On August 1, YR01, Best Buy sold a television to Mr. Smith. The purchase price of the television was $500 and it came with a
one-year assurance warranty covering the period August 1, YR01 to July 31, YR02. In addition, Mr. Smith purchased a
separate 2-year extended (service-type) warranty covering the television for $60. The extended warranty covers the period
August 1, YR02 to July 31, YR04. All sales are subject to a 5% sales tax. The yearend for Best Buy is December 31st and the
company records adjusting journal entries once each year at yearend.
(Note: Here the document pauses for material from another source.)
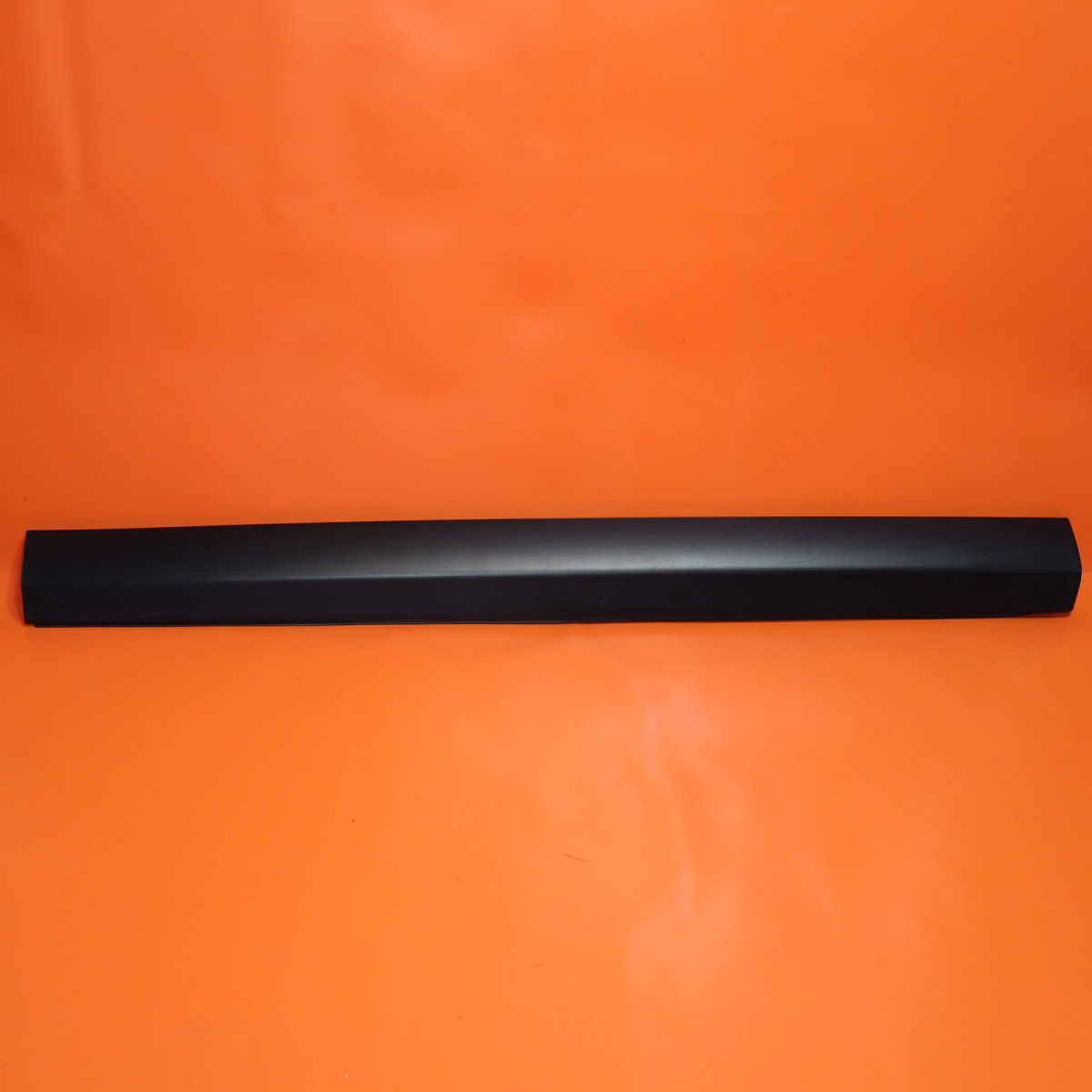 ROLLS ROYCE CULLINAN DOOR MOLDING LEFT FRONT 2021 2022 2023 51137448585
5. The Best Buy Income Statement for the year ended December 31, YR01 should report what amount of revenue related to the
sale to Mr. Smith (rounded to the nearest dollar)?
a. $500 b. $525 c. $560 d. $588 e. None of the answers provided are correct.
6. At December 31, YR01, Best Buy estimates that future expenditures to honor warranty claims on the sale to Mr. Smith will
be: (1) assurance warranty = $25 and (2) extended (service-type) warranty = $10. In addition, the December 31, YR01 general
ledger balance in the Warranty Liability account before adjustment is $15 dr. What is the correct yearend adjusting journal
entry for the Warranty Liability account?
a. Deferred Warranty Expense 20
Warranty Liability 20
b. Warranty Expense 20
Warranty Liability 20
c. Deferred Warranty Expense 40
Warranty Liability 40
d. Warranty Expense 40
Warranty Liability 40
e. None of the answers provided are correct.